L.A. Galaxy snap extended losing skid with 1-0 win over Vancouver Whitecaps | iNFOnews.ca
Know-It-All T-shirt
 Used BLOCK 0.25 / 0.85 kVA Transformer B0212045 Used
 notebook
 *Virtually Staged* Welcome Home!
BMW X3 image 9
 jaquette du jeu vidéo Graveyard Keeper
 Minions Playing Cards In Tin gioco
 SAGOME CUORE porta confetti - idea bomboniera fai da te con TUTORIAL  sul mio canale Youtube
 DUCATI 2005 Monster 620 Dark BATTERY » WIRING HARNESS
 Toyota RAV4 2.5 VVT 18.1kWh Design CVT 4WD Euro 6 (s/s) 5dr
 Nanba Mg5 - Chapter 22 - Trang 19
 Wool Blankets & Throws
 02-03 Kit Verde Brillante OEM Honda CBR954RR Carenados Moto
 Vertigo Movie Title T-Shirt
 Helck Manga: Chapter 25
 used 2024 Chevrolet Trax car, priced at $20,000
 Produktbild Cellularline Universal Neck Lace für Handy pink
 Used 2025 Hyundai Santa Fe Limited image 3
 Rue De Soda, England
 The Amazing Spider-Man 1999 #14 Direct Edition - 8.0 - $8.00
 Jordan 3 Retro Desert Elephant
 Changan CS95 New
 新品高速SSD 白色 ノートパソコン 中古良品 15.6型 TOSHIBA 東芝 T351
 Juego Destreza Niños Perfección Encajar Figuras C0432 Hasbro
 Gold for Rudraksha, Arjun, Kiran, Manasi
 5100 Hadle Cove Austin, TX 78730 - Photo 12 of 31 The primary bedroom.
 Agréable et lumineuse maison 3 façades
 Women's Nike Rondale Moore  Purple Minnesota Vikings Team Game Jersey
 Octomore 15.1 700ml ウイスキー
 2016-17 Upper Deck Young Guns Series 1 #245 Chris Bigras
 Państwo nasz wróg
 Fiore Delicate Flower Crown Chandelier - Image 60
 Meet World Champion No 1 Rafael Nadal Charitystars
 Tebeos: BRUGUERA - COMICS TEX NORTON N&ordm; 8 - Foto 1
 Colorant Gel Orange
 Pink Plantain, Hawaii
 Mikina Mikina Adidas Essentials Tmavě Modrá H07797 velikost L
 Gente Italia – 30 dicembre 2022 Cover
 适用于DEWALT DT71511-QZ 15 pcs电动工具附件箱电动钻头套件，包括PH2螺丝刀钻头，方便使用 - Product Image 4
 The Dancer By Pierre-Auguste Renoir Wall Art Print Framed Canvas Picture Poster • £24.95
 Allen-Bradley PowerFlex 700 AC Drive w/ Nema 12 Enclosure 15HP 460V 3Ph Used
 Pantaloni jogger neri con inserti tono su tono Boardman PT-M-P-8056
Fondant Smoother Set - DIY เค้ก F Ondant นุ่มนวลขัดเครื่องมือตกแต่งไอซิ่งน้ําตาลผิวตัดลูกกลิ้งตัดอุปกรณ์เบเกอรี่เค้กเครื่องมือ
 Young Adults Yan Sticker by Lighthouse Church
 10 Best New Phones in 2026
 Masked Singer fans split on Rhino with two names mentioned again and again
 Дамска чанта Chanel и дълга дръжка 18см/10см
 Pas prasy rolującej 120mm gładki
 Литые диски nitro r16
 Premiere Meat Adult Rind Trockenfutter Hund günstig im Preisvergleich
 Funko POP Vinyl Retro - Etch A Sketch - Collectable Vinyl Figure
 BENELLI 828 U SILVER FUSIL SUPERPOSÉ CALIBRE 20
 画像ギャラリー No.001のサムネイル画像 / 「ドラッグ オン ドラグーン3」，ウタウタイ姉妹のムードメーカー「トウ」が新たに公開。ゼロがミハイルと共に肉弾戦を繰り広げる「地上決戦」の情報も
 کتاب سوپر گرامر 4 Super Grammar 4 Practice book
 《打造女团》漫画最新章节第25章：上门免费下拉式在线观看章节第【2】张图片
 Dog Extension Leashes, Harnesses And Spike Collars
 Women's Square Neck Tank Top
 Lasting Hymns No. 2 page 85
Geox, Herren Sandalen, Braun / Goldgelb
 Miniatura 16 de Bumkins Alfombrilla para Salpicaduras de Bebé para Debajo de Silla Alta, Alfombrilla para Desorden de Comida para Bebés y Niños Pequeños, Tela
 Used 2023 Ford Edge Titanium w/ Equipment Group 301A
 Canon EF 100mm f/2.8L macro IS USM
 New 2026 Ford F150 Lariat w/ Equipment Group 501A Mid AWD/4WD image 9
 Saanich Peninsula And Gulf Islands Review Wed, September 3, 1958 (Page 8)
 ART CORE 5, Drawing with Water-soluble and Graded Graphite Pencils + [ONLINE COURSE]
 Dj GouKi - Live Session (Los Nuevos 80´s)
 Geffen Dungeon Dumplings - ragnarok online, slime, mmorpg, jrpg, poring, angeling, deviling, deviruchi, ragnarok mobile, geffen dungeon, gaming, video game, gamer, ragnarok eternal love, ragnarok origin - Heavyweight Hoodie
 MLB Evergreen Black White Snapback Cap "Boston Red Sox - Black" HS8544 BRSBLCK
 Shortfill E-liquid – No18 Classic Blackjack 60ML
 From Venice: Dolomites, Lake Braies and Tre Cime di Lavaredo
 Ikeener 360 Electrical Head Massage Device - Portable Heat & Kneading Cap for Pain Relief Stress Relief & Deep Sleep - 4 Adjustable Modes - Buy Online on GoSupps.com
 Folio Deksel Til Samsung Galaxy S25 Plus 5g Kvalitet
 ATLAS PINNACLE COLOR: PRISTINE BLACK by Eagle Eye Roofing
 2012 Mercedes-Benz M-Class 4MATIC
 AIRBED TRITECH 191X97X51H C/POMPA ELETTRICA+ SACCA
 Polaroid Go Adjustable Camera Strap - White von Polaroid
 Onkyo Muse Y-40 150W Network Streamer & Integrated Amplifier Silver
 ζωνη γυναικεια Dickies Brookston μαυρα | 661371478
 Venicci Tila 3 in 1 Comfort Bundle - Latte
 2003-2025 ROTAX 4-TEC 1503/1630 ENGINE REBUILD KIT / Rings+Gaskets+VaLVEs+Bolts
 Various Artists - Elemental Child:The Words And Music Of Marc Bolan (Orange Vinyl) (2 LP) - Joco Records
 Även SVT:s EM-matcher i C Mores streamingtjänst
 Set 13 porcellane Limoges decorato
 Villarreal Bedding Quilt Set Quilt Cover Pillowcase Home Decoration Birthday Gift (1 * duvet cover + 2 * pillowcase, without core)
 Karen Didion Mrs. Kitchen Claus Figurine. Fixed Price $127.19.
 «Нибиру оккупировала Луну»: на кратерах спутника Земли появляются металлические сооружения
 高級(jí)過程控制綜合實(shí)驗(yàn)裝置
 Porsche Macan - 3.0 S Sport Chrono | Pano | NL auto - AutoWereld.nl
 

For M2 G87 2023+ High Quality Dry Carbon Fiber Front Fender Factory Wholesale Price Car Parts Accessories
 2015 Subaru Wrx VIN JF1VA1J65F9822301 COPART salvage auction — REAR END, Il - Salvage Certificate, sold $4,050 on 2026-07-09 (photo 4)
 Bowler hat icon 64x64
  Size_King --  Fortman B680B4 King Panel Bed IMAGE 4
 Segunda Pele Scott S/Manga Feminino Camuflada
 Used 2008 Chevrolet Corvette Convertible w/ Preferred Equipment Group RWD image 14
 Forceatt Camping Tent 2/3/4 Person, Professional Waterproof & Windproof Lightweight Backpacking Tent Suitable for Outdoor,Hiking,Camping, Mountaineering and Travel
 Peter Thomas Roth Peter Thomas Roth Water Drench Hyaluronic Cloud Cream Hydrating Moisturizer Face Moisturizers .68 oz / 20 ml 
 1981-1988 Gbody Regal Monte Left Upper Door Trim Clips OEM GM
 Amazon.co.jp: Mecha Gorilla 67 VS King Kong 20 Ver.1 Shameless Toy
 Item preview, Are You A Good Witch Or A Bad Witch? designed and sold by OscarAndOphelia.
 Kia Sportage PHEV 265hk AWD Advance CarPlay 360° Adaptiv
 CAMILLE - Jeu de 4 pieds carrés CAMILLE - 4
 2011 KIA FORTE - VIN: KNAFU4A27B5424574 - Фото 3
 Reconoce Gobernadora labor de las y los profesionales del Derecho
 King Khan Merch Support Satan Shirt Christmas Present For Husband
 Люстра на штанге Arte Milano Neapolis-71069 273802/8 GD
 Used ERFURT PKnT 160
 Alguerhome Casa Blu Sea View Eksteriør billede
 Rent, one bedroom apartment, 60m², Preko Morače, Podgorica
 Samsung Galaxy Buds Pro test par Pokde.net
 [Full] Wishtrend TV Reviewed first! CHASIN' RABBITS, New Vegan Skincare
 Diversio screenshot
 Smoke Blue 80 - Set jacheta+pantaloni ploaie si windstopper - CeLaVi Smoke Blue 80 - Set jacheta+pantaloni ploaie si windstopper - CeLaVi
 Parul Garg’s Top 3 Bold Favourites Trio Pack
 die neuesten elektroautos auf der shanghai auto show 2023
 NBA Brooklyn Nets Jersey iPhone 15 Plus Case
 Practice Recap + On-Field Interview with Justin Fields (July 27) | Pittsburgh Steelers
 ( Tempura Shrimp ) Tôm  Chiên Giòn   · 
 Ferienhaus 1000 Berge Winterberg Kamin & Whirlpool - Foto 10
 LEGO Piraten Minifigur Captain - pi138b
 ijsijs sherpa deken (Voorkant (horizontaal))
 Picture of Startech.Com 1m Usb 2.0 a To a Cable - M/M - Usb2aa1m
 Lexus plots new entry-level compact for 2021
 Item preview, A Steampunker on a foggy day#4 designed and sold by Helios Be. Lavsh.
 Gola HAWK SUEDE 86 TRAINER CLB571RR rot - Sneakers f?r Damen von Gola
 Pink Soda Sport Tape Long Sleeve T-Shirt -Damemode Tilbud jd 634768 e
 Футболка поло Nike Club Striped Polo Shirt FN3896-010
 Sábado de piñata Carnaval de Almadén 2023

******************************

• **WHAT THE TASK ASKS**
In the data above, find each line where the string "Plus" appears, then copy it.

• **SOLUTION TO THE PROBLEM**
 Folio Deksel Til Samsung Galaxy S25 Plus 5g Kvalitet
 NBA Brooklyn Nets Jersey iPhone 15 Plus Case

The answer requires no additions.